腿の外側がピリピリと痛む:外側大腿皮神経痛

2015年05月17日 | 治療の話

右のももの外側がピリピリと痛むと相談にいらっしゃったAさん。

痛みだしてから半月。

はじめは『触った感覚が鈍いな』と感じられ、次第に触れるとビリビリと痛むようになってきたといいます。

この手の「シビレ」の相談は筋膜性の障害による「偽の神経痛」であったりすることが多いのですが、

Aさんのケースでは「知覚」という神経の働きが障害されていることから本物の神経障害だということが判ります。

場所から考えると、外側大腿皮神経という末梢神経の障害が疑われます。

この神経は腰椎の2・3番から始まって、

股関節の全面を鼠径靭帯という靭帯のトンネルの下をくぐり、

腿の外側の皮膚へ伸びる神経です。

ですので、腰椎や鼠径靭帯のトンネルの辺りで神経が締め付けられて症状が出ることが多い。

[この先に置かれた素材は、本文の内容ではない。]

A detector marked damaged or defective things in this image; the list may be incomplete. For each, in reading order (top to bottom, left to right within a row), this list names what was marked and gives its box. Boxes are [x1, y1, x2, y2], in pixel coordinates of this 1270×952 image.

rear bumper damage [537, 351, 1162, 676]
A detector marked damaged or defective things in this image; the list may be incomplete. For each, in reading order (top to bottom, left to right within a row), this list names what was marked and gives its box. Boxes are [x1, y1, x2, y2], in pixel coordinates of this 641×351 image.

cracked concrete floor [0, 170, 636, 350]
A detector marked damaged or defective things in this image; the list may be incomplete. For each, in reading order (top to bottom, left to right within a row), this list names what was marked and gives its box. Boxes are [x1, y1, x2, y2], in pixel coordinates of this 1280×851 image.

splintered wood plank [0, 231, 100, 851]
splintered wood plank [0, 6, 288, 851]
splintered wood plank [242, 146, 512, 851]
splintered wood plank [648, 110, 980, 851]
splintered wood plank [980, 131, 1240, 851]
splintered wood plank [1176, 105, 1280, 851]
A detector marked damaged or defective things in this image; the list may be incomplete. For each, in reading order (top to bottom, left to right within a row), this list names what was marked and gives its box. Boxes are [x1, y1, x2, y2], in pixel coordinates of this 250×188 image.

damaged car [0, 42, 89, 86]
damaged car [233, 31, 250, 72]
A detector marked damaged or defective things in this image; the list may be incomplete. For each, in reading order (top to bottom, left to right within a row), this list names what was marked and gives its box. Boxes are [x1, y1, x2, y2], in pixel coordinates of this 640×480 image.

また、きつくベルトを締めることでも現れるのもこの故障ではよく聞く話です。

さて、Aさんのシビレの原因はどこにあるのでしょう?

Aさんの場合、脊柱をどんなに動かしても症状は出ないことから、どうも背骨の問題ではないようです。

鼡径部(上前腸骨棘という骨盤のでっぱりの内側あたり)を調べても問題なし。

しからば、ということでうつ伏せで膝を曲げるFNSテスト(これは大腿神経のテストとして有名)や

そこから股関節の伸展を入れた種々の神経伸張検査(ナーブテンションサインともいいます)にも反応なし。

腰椎部もノーマル

鼡径部での締め付けもなし

Aさんの身体を調べてみてこの故障でよく見られる所見が見られない。

Aさんのケースは、「外側大腿皮神経痛」のスタンダードから外れているようです。

はて、困った…

とはならないのが徒手医学の面白いところ。

困ったときは基本に返れと申します。

徒手医学では何が基本か?と申しますれば、

『触診』と答えようじゃありませんか。

外堀を埋める諸々の検査にかからないとなれば、当然『患部自体に何かあるだろう』となるわけです。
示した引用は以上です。